START SOURCE DATA

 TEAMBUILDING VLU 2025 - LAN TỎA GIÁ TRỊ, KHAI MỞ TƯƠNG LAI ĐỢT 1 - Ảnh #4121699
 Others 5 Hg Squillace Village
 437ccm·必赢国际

END SOURCE DATA
START SOURCE DATA

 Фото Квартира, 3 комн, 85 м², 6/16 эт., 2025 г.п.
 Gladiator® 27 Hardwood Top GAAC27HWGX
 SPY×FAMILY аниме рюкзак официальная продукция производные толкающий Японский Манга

END SOURCE DATA

ACTIVITY>
Using the records above, set down exactly the lines from the one with "TEAMBUILDING VLU 2025" through the one with "437ccm·必赢国际", inclusive, and nothing more.

WRITTEN REPLY>
 TEAMBUILDING VLU 2025 - LAN TỎA GIÁ TRỊ, KHAI MỞ TƯƠNG LAI ĐỢT 1 - Ảnh #4121699
 Others 5 Hg Squillace Village
 437ccm·必赢国际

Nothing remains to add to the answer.